### Information provided:

=== Begin Enclosure ===

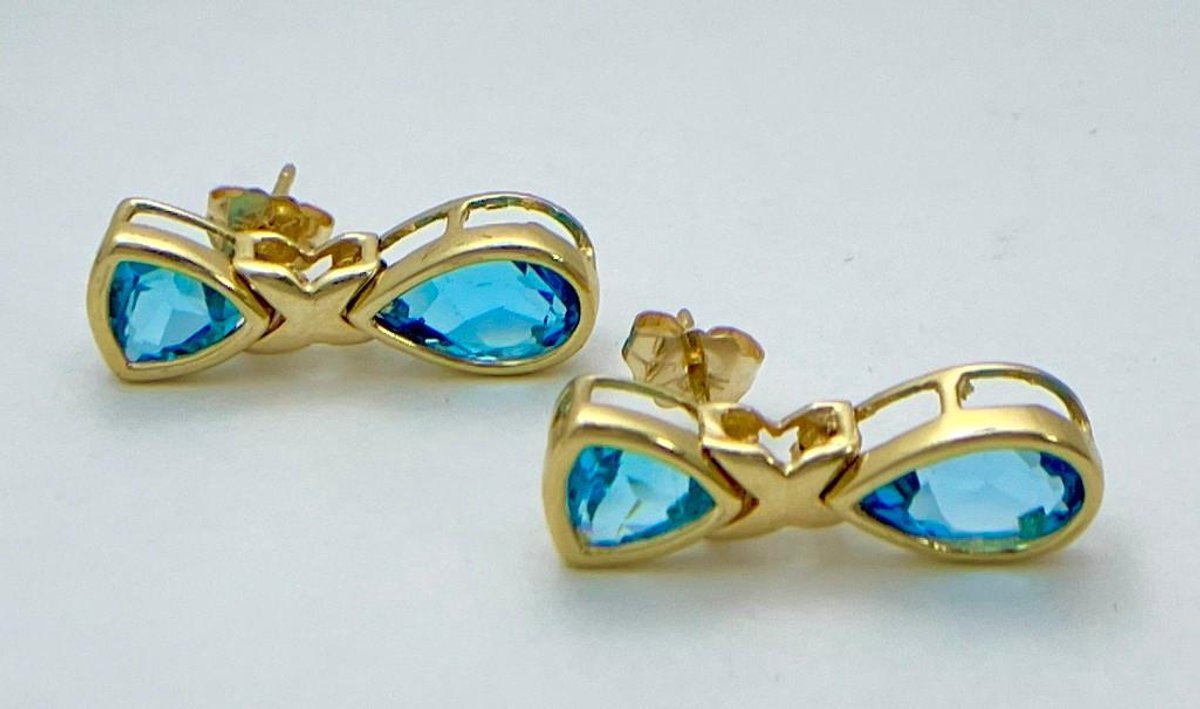14K Solid Gold Earrings With Blue Topaz Gemstones 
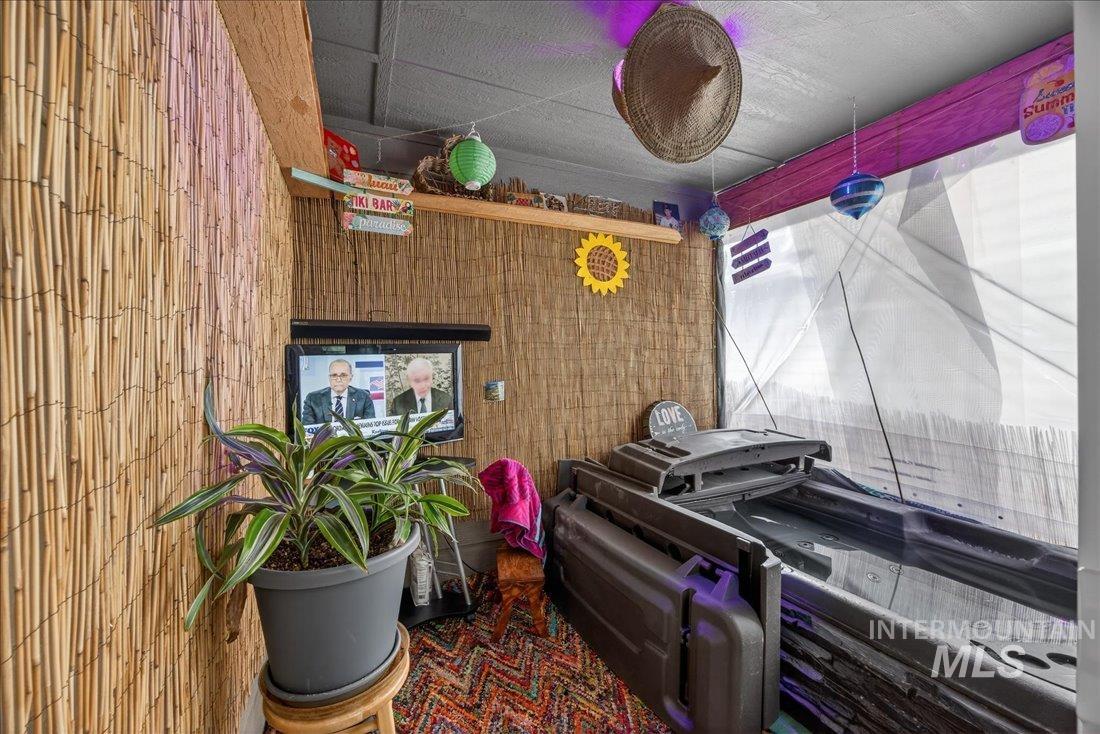 10435 W Jerry Peak St, Boise, Idaho 83709-6291, 3 Bedrooms, 2 Bathrooms, Residential For Sale, Price $395,000,MLS 98975571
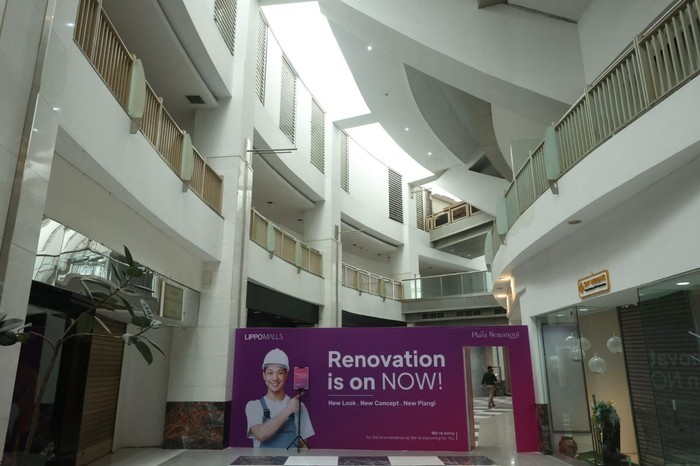 Potret Renovasi The Plaza Semanggi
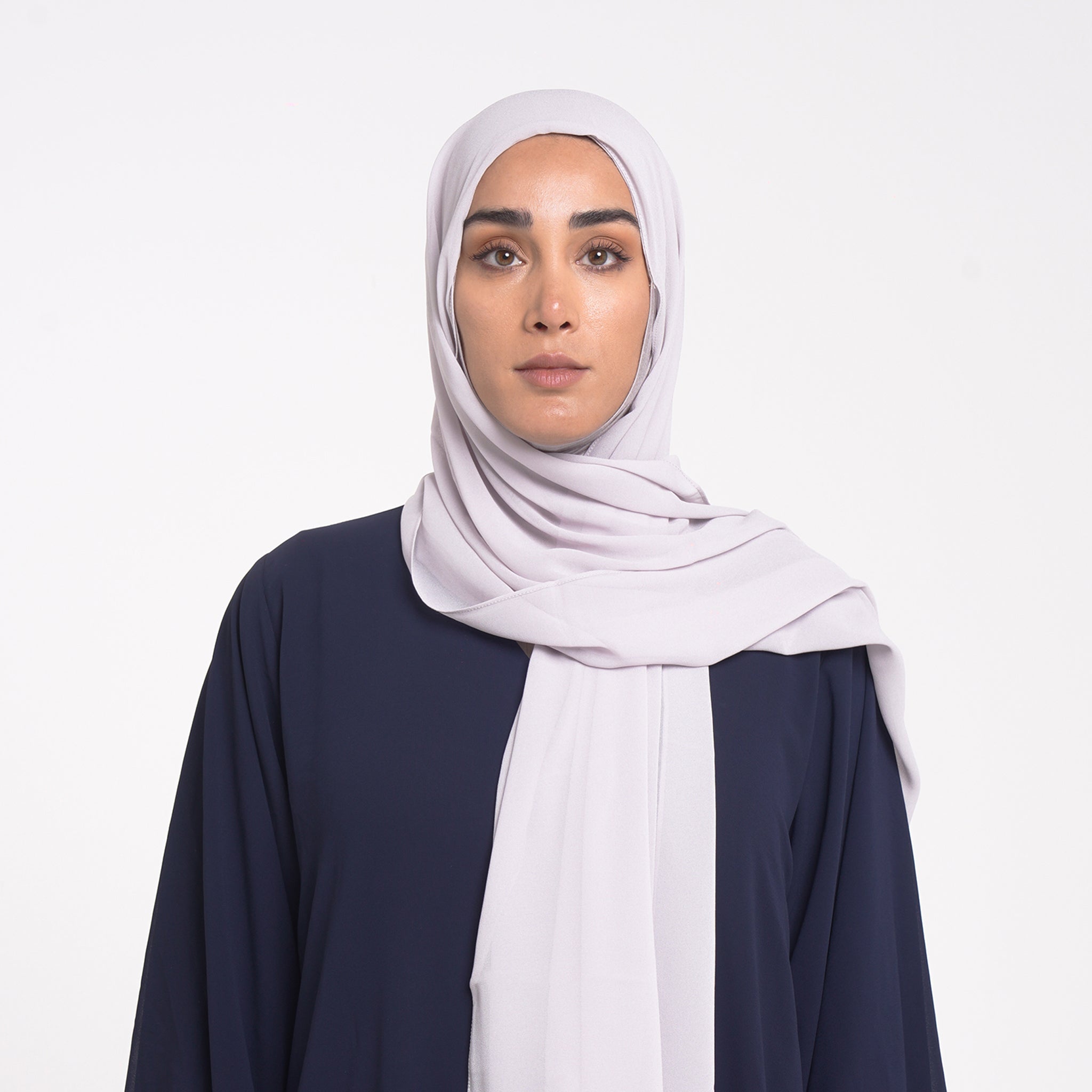 Emiratie Chiffon with Bonnet -Silver Lilac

=== End Enclosure ===

### Description of the task:
From the first line to the last, copy the listing above exactly, dropping all images.

### Exercise solution:
14K Solid Gold Earrings With Blue Topaz Gemstones 
 10435 W Jerry Peak St, Boise, Idaho 83709-6291, 3 Bedrooms, 2 Bathrooms, Residential For Sale, Price $395,000,MLS 98975571
 Potret Renovasi The Plaza Semanggi
 Emiratie Chiffon with Bonnet -Silver Lilac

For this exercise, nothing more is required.